Photo: Kisa Toyoshima『心臓』(2004年)

しかし、ブルジョワにとって、トラウマや不安・嫉妬・憎悪・殺意などの衝動的であり無意識下に存在する感情は、完全に治癒できるものとは思えなかったようだ。これらの感情や心の傷は制作において役割を果たすものであり、芸術として昇華させるものだと考えたブルジョワは、それを最晩年の98歳まで続けた。

Photo: Kisa Toyoshima『無題』(2009年)

「地獄は素晴らしかったわ」というブラックユーモアを交えた軽やかなブルジョワの言葉は、苦しみを抱えながらも地獄からはい上がり、人生を生き抜いた強靭(きょうじん)な心を表現している。

二面性を持つ作品群

会場では、母や父を主とした人間関係、そして、関係の修復や心の解放をテーマとした100点以上の作品群が空間を埋め尽くす。

Photo: Kisa Toyoshima『かまえる蜘蛛』(2003年)

母をテーマとした作品『かまえる蜘蛛』(2003年)は、母性の複雑性を表現したもの。クモが子どもに餌を与えるように、家族に惜しみない愛情を注ぐ母を表現すると同時に、獰猛(どうもう)な捕食者としての母性も表現する。

母とは、時に我が子を不安にさせる存在でもあり、他者に害を与えてまで子を守ろうとする暴力的な母性愛の側面を持つ。200キロの重量を持つ本作品は、非常に重厚感があり、鬼気迫るものがある。

Photo: Kisa Toyoshima『自然研究』(1984年)

犬と人間が合体したような作品『自然研究』(1984年)は、男性と女性、人間と動物の違いをも超えたような存在に見受けられる。

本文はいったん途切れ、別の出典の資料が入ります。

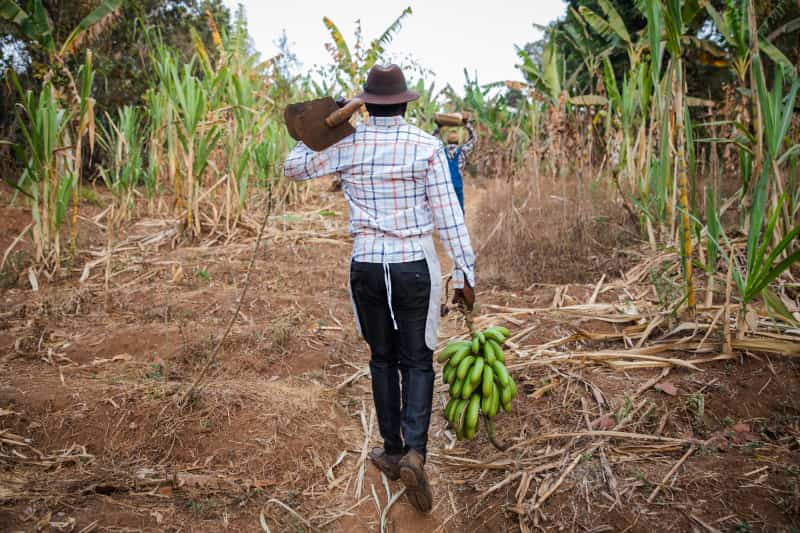 Selo do Sisbi impulsiona expansão de alimentos da agropecuária brasileira 2 Agropecuária brasileira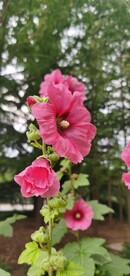 端午花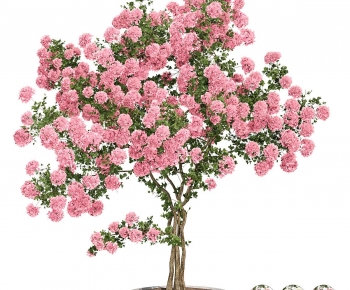 Modern Tree-ID:743396044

ブルジョワの自画像でもあるという頭部のない姿からは、家族を守るために他者を威嚇することもいとわない番犬のような、母性の持つ二面性がここでも感じられるだろう。

Photo: Kisa Toyoshima『良い母』(2003年)
Photo: Kisa Toyoshima『授乳』(2007年)

また、授乳もブルジョワの作品によく登場する題材だ。ブルジョワにとって母乳は、子どもに尽くす愛情だけでなく、赤ん坊に自分を重ねることで、常に母親を必要としていた自分の弱さをも表している。

このように作品が持つ二面性は、ブルジョワにとっての重要な事柄であり、全ての事柄には相反する二つの意味が内在すると語っていた。

東京を背景に見る『ヒステリーのアーチ』

フェミニズムの要素も色濃いブルジョワの作品。彫刻作品『ヒステリーのアーチ』(1993年)は、女性由来のものといわれていたヒステリーを男性も持つものとして作られ、ブルジョワのアシスタントの男性をモデルとした。

Photo: Kisa Toyoshima『ヒステリーのアーチ』(1993年)

ヒステリーを起こしそうな耐え難いポーズをとった男性のアーチ像であるが、53階からの東京の風景をバックに、金色に美しく輝いている。

カニバリズムで昇華させた父をテーマにした作品

「攻撃しないと生きている気がしない、芸術は正気を保証する」というブルジョワは、衝動的に湧き上がる攻撃的な感情に形を与えることで、負の感情を対象物として観察し、手なずけていた。

Photo: Kisa Toyoshima『少女』(可憐版)(1968〜1999年)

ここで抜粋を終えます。